A recent investigation by AI Forensics, a European non-profit research institute, has uncovered a massive, organized network of abuse operating on Telegram. The report reveals an “ecosystem of abuse at scale,” where nearly 25,000 users in Spain and Italy are actively distributing nonconsensual sexual material and child pornography.
By analyzing 2.8 million messages across 16 different groups over a six-week period, researchers identified a sophisticated, cross-platform pipeline used to exploit victims and monetize illegal content.
The Anatomy of the Abuse Network
The study highlights a disturbing pattern in how this content is sourced, distributed, and sold. The cycle typically follows a multi-platform trajectory:
- Sourcing: Perpetrators often harvest original material from private exchanges on Instagram and WhatsApp.

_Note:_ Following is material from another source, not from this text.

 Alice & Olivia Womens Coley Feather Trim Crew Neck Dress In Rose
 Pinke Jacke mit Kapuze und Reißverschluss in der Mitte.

- Distribution: Telegram serves as the central hub for these large-scale groups. Content is often highly targeted; women featured in videos are frequently named, tagged, and even geolocated via shared profile links.
- Recruitment: Platforms like Reddit act as “gateways,” providing links that direct users toward the private, paid Telegram channels.
- Redistribution: Once leaked, the content often migrates back to mainstream platforms like TikTok and Instagram.
A Monetized Threat
The abuse is not merely social; it is a commercial enterprise. Perpetrators monetize their archives through:
– One-time access fees of up to €50 for full archives.
– Monthly subscriptions costing approximately €5.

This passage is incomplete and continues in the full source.